Ernährung, Sport und innere Haltung
Nahezu alle unserer Interviewpartnerinnen machten sich Gedanken, was sie selbst neben den medizinischen und therapeutischen Maßnahmen gegen den Brustkrebs unternehmen könnten. Sie berichten zum einen davon, was sie tun, um während und nach den Behandlungen körperlich wieder fit zu werden und zum anderen, mit welcher inneren Haltung sie versuchen, die Erkrankung zu bewältigen und Konsequenzen für ihren weiteren Lebensweg zu ziehen. Dabei seien Ernährung und Sport wichtige Säulen, berichten viele der Frauen. Daneben bekommen sie auch von ärztlicher Seite empfohlen, auf bestimmte Lebensmittel zu achten und für ausreichend Bewegung zu sorgen. Manche der Erzählerinnen haben sich Bücher und andere Informationen zum Thema Krebs und Ernährung besorgt oder richteten sich nach den Empfehlungen der Deutschen Krebsgesellschaft (Infos und Links).
Brigitte Rose ist der Meinung, dass man mit guter Ernährung und Sport vorbeugen kann.

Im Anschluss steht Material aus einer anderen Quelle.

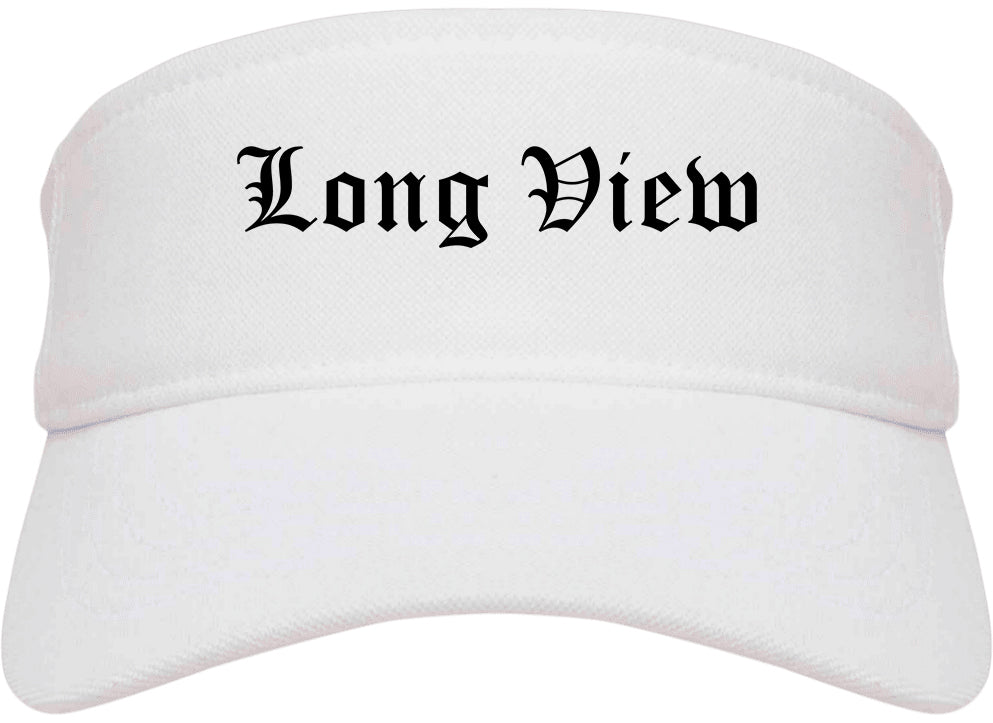 Long View North Carolina NC Old English Mens Visor Cap Hat White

In der Zeit der Chemotherapie stellten viele der Interviewpartnerinnen ihre Ernährung um, manche bleiben auch danach dabei, je nachdem, ob die Familie mitzieht und wie groß der Aufwand ist. Tanja Auer erzählt zum Beispiel, dass ihr Mann seine Gewohnheiten nicht ändern könne, aber ihre Tochter die Essensumstellung mittrage. Manche unserer Frauen berichten, dass sie sich schon immer bewusst ernährt hätten, deshalb suchen sie auch jetzt nach Möglichkeiten, wie sie sich selbst über ihre Ernährung vor einer Wiedererkrankung schützen könnten. Einige berichten aber auch davon, dass sie trotzdem weiterhin einzelne ungesunde Lebensmittel essen würden, weil sie gut für ihr psychisches Befinden und damit für die Lebensqualität seien. Alina Schillers Ernährungsberaterin hat ihr empfohlen, das zu essen, was der Körper will. Sie hat versucht, ihr Essverhalten dementsprechend anzupassen, indem sie auf ihren Körper gehört hat.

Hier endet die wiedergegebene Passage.